The breakdown happens every year. After five years, I am able to control it and really make it mine. The tear works that erupted without warning now know how to contain themselves until the moment is right. Five years ago, I ran into another room to break down because someone changed the channel off of the Macy's Thanksgiving Day Parade, something we watched every year at my house. Eagerly, we would wait to see our favorite pop stars glide through the cold weather. I marveled at the marching bands, wishing that my parent's budget allowed music lessons. On the first Thanksgiving without my mom, I needed to watch that parade. However, I felt silly vocalizing this need. Crying in the bedroom seemed a much saner choice.
For the first five New Years Eves as a mother, I fell asleep before the ball dropped, sometimes fifteen minutes before the new year began. Last year, I managed to stay awake. And, for the first time ever, my mom didn't call to wish me a happy new year. This year, I vowed to stay awake as well. About twenty minutes before midnight, a bit in my stomach formed. This was another year that would begin without a call from my mom. I was ready to run upstairs and force myself to fall asleep. That's the thing about the new normal; you never know when it will sneak up on you.

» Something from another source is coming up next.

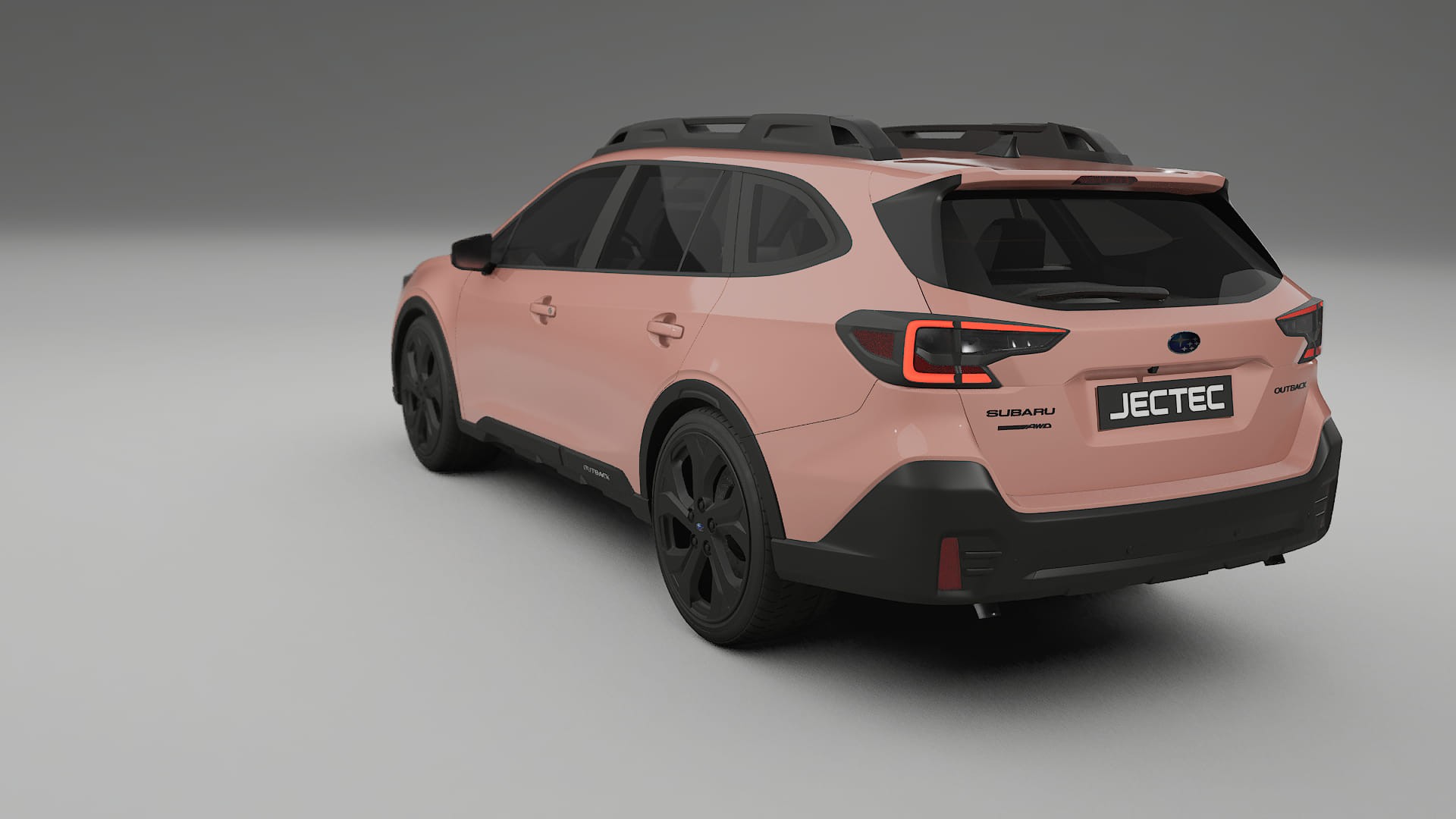 Subaru Outback VI BS prefacelift pre-LCI TPU Paint Protection Film | BLUSH Color Change PPF Full Pre-Cut Kit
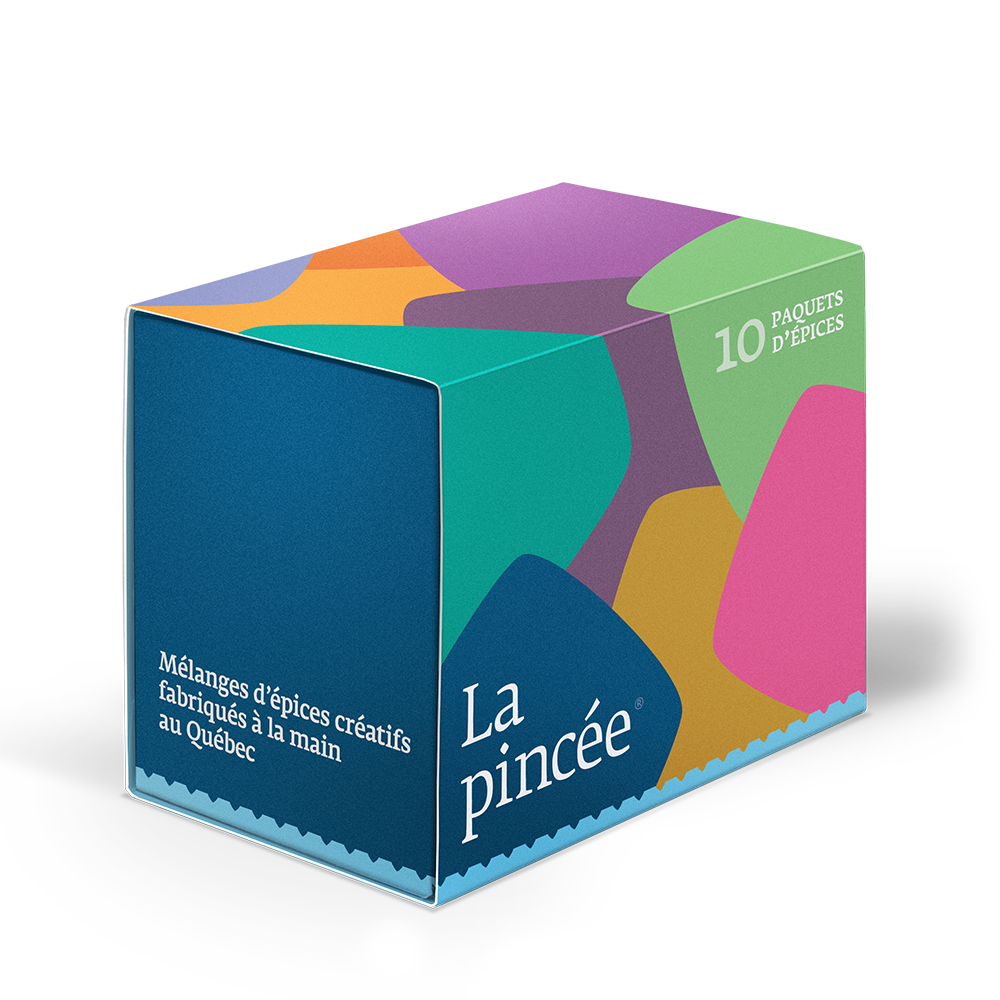 Coffret découverte d’épices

I've come to understand that this breakdown is a new normal in my holiday preparations. It surfaces several times throughout the season. However, after my rookie year, I've learned to control it and release when the right time allows. This year, I waited until I was wrapping gifts. My mom never wrapped everything in the stocking. I always swore that, when I was in charge of stockings, everything would be wrapped. I've lived to regret this decision. I am also aware that giving up wrapping everything would provide a victory for my mother. Every from the grave, I cannot allow that.
A dear friend of mine lost her mom this year. In one of our conversations, I told her that it never really gets easier, you just adjust to your new normal. It is different for everyone. For me, my first round of holidays without my mom was also my first round of holidays with my son. While it was difficult, new life made it easier to transition to that new reality. However, the overwhelming urge to run to another room for a quick cry still hits at the oddest of moments.